• What this task involves:
Copy the closing run of lines, from the one with "OVIEDO, CATEDRAL DE" through the last line of the listing, exactly and without any pictures.

• Task material:
┄┄┄┄┄┄

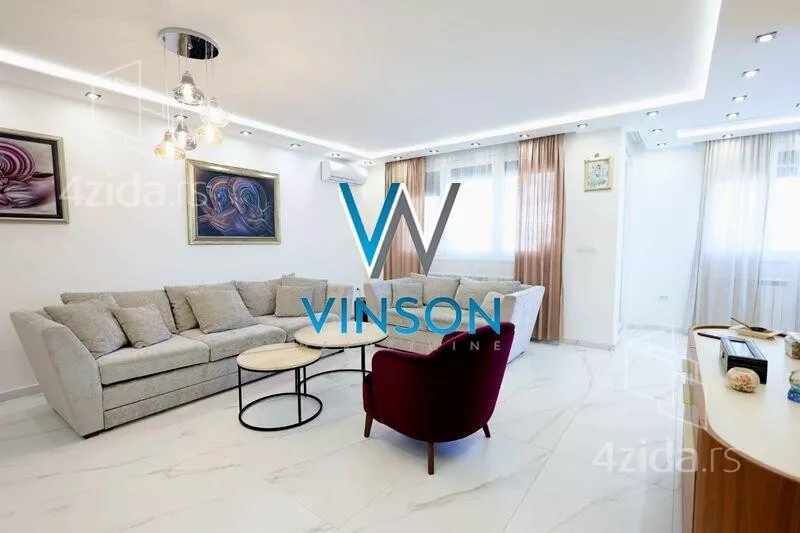 Petosoban stan | 4zida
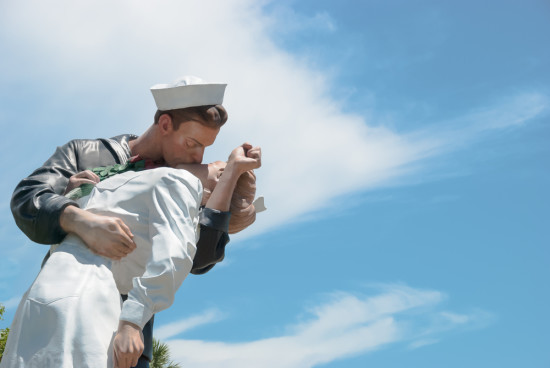 Married Sailors Statue Image - The SITREP Military Blog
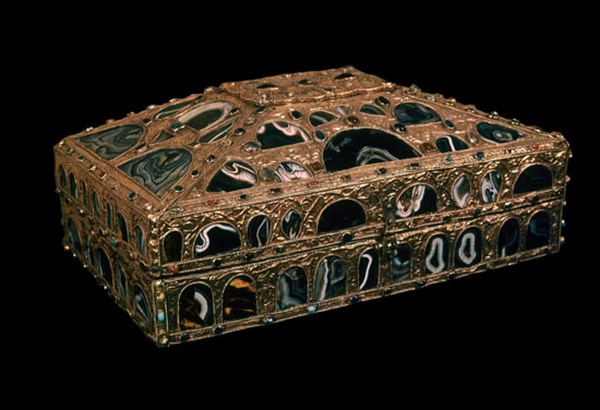 TESORO DE LA CAMARA SANTA-CAJA DE AGATAS DONADA POR FRUELA II EN EL AÑO 910
OVIEDO, CATEDRAL DE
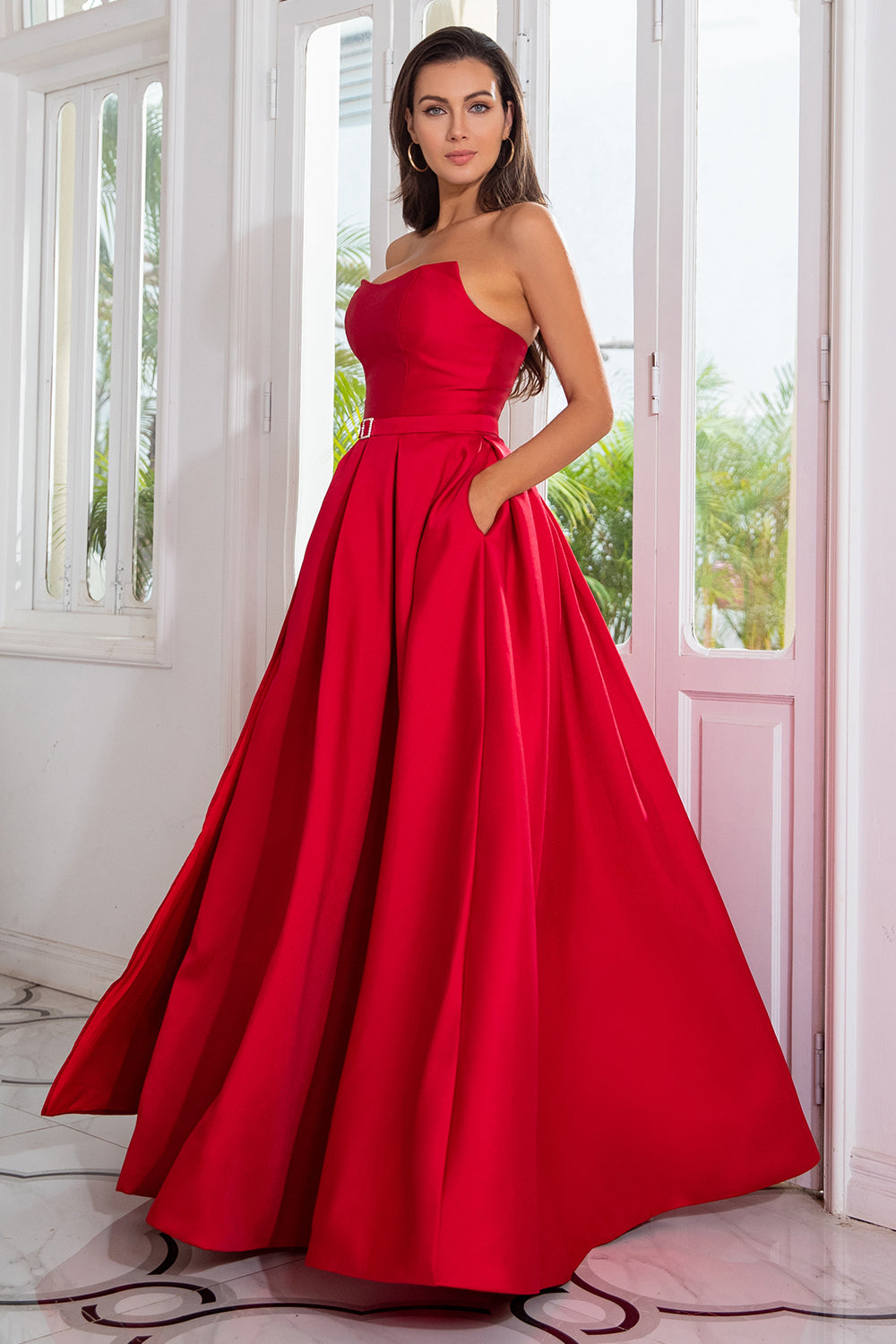Robe de bal longue rouge sans bretelles coupe trapèze avec fente frontale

┄┄┄┄┄┄

• Answer space:
OVIEDO, CATEDRAL DE
Robe de bal longue rouge sans bretelles coupe trapèze avec fente frontale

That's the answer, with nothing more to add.